Fig. 4. Comparison of the experimental Φ-values and calculated S-values for the TS CspB

A representative structure from the TS ensemble is shown in Fig. 3D. The S-values were calculated over all structures in the TS ensemble pooled from all simulations. Points cover the 14 mutant set described in the text.

Fig. 5. Glucose Permease IIA Domain Unfolding Pathway

A) Snapshots from simulation #1 of the IIA domain 498 K unfolding simulation. Note that the TS structure is representative of the TS ensemble, which has an average Cα RMSD within and between different simulations of 5.8 ± 0.8 Å. B) Hydrogen bonds between strands β4 and β5 over time for the simulation shown in panel A. C) Total number of atom-atom contacts over time for the simulation in panel A. In gray are contacts between the residues in the double hairpin motif and the rest of the protein. In black are contacts between just the residues in the double hairpin motif (strands β4–6).

Fig. 6. Comparison of the Thermal Unfolding of the Double Hairpin Motif in Glucose Permease IIA Domain with the Excised Motif

A) The unfolding of the double hairpin motif in the context of the full IIA domain with the main side chains of residues involved in perturbing the motif’s unfolding pathway displayed and labeled. B) The unfolding of the excised double hairpin motif from the IIA domain. Note the similarities between the unfolding of this domain and the WW domain in Figure 2.

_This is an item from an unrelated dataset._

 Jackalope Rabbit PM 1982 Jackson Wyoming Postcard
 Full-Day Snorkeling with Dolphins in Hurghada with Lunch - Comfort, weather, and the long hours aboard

Fig. 7. Comparison of the Thermal Unfolding of the isolate Double Hairpin Motif

A) FBP28 WW domain. B) Motif excised from CspA. C) Motif excised from CspB. D) Motif excised from glucose permease IIA domain. All simulations are at 498 K. Note the similarities in the unfolding of the secondary structure across all isolated domains despite differences in their sequences.